João Barreiros
Desinvestimento na via de ensino agrava-se
PORTUGAL é um dos países da OCDE que apresenta maiores
défices de formação entre os seus professores,
situação que pode agravar-se com o desinvestimento nas
vias de ensino de determinados cursos, como o de matemática.
Alguns docentes contactados pelo EXPRESSO admitem que, a manter-se a
actual tendência, dentro de breves anos o número de professores
de matemática formados pelas universidades será insuficiente
para satisfazer as necessidades do mercado de emprego.
Com o previsto alargamento da escolaridade obrigatória para doze
anos, o défice de formação dos professores pode
ter consequências sérias, nomeadamente um elevado grau
de insucesso escolar, e um desinteresse por parte dos alunos nas matérias
apresentadas.
O presidente da Associação de Professores de Matemática
(APM), contactado pelo EXPRESSO, reclama uma mudança no sistema
de ensino português, que actualmente permite a licenciados de
outras áreas de ensino leccionarem aquela disciplina.
"A realidade é que muitas pessoas que acabam outros cursos
ficam habilitadas a dar aulas de matemática, o que não
faz qualquer sentido", defende Fernando Nunes.
Apesar de não temer uma crise semelhante à vivida noutros
países europeus e nos Estados Unidos, onde durante vários
anos foi difícil recrutar professores para esta área de
estudos, mesmo com uma qualificação mínima, o presidente
da APM sublinha a necessidade de alterar as regras, de forma a que "os
professores de matemática sejam aqueles que tiraram um curso
para o serem".
Esta é a melhor forma, segundo Fernando Nunes, de dinamizar as
aulas, "acabando com o papão da matemática".

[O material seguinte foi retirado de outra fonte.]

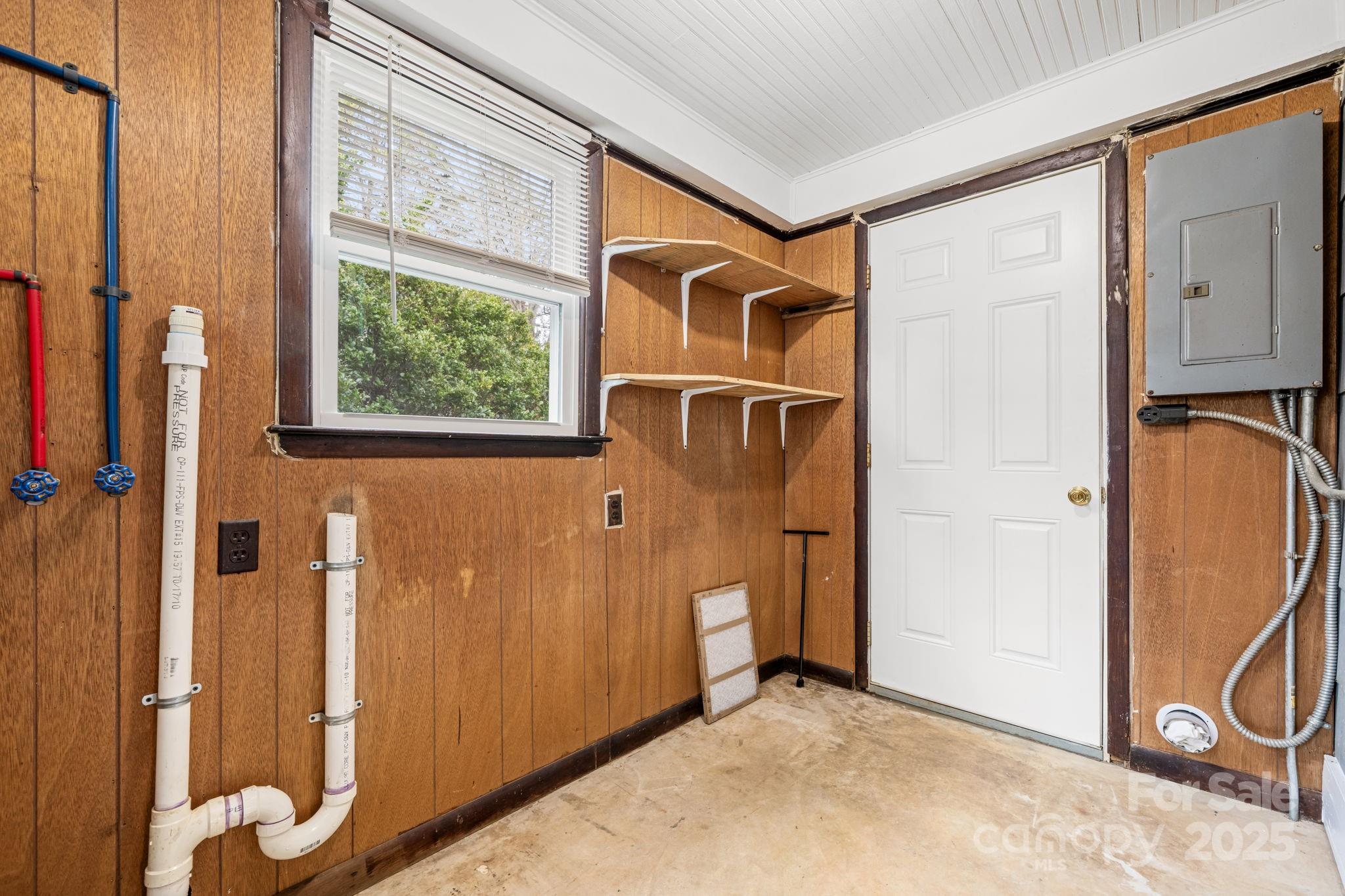 1529 4th Street NE Hickory NC 28601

Podem vir a faltar professores de matemática
Para António Batel Anjo, responsável pelo Departamento
de Matemática da Universidade de Aveiro, está a ser aplicada
em Portugal uma estratégia errada que consiste no "desinvestimento
nos cursos de ensino", e que poderá ter sérias
consequências a médio prazo.
Este ano apenas entraram doze alunos para a via de ensino do curso de
Matemática Aplicada daquela instituição, um número
claramente insuficiente para alimentar as necessidades do mercado.
Para António Batel Anjo, "em 2010 não teremos
professores de matemática, o que significa que iremos atravessar
a crise que a França e que outros países europeus estão
a passar".
Na verdade, o que está a acontecer é uma desadequação
entre o perfil exigido para leccionar determinadas disciplinas e os
candidatos que ocupam os postos de trabalho.
Essa situação é evidenciada no relatório
sobre o estado da Educação no mundo, elaborado pela Organização
para a Cooperação Económica e Desenvolvimento (OCDE),
segundo o qual mais de vinte por cento dos professores do quadro não
têm as qualificações totais necessárias à
função que estão a desempenhar, verificando-se
que mais de metade dos professores ditos em "part-time" estão
nesta mesma situação.
Segundo esta instituição, enquadram-se na categoria os
professores que não tiveram formação específica
para leccionar as suas disciplinas e, da mesma forma, aqueles que não
tiveram formação em matérias pedagógicas.
Portugal encontra-se no fim da lista, a par com o México, a Noruega
e a Suécia, sendo a Irlanda (país que frequentemente é
usado como termo de comparação relativamente ao nosso)
aquela que apresenta menos défice nesta matéria.
Informática também é afectada
Com base em inquéritos realizados nos diferentes países
membros, a organização concluiu que as maiores dificuldades
de contratação de professores encontram-se nos domínios
da informática, da matemática e das tecnologias: há
escassez de oferta de profissionais nestas áreas em grande parte
dos países.
No entanto, em Portugal, parece ainda haver um número suficiente
de professores de matemática disponíveis, mostrando-se
as dificuldades de contratação mais agudas nas outras
áreas referidas e ainda, embora em menor grau, nas disciplinas
de artes e de gestão.
"A investigação sugere que a decisão de
se tornar professor é o resultado de um conjunto complexo de
considerações relacionadas com as alternativas de trabalho,
os salários, as possibilidades de evolução na carreira,
os incentivos pelo mérito, o 'status' da profissão e as
circunstâncias pessoais", refere este relatório
da OCDE.
Em Portugal, a estabilidade laboral e os salários parecem ser
os factores que mais contribuem para esta decisão.